Chegou, bagunçou e foi embora!

Quando você me chamou no portão da minha casa, com aquela voz meio rouca e baixa, eu estava começando a arrumar a bagunça do meu quarto. Avisei que ele estava bagunçado e mesmo assim você quis entrar. Quis ver e conhecer a tal bagunça que eu tanto falava.

Disse pra mim que não se importava com ela e que eu podia arrumar com calma. Foi o que eu fiz. Eu arrumei e logo tinha espaço pra você, no meu quarto, na minha casa, no meu coração. E estava tudo no seu devido lugar.
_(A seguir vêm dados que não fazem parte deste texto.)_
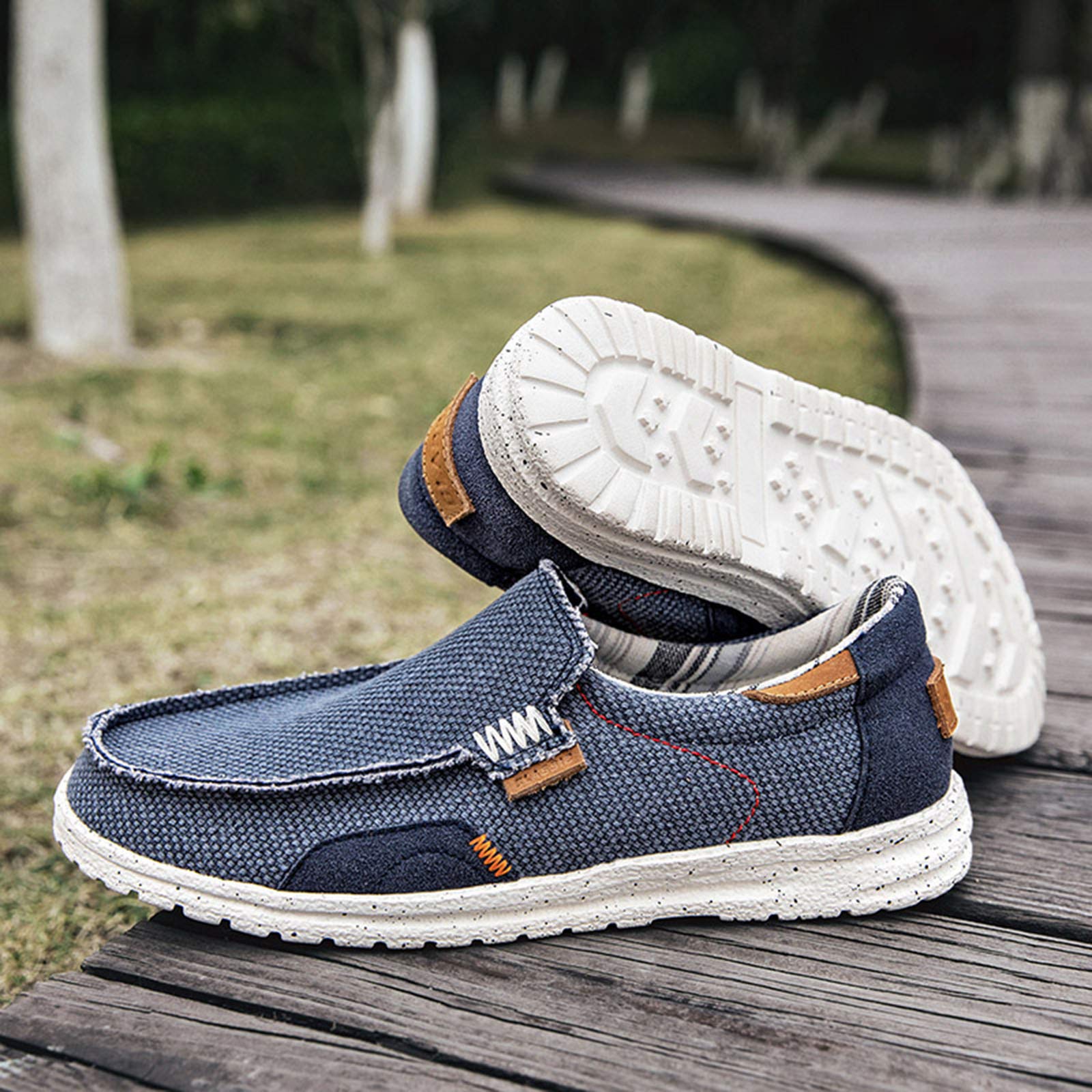 Mocassini Uomo Comfort Leggero Scarpe di Tela per Leggere Casual Scarpe da Ginnastica Piatte Antiscivolo Resistenti all'Usura per Tutti i Giorni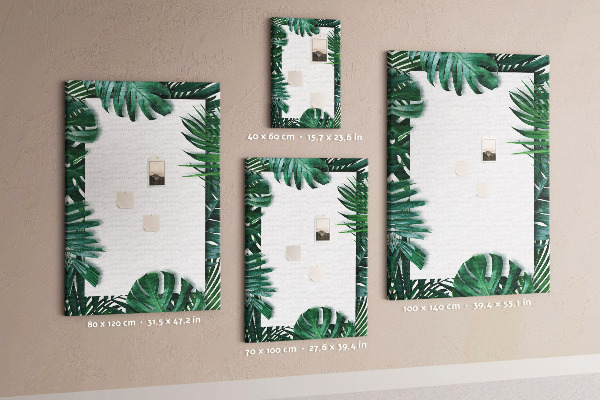 Pin board Tropical leaves surrounded by a white frame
Cada parte do guarda roupa, gavetas e até o criado mudo estavam arrumados.

Até que você decidiu começar a bagunçar o que levei um tempo pra colocar no lugar. Começou sem falar nada e quando percebi, já estava tudo bagunçado de novo. Foi quando você sem mais nem menos, resolveu que iria embora. Percebeu que aquela bagunça, que você mesmo causou, não era mais a bagunça em que você queria estar. E então se foi. E foi rápido demais. Diferente de como chegou.

Fechou o portão e nem olhou pra trás. A bagunça ainda está do mesmo jeito que você deixou, esperando alguém que vai chegar e não se importar de verdade com ela, como você havia dito que não se importava.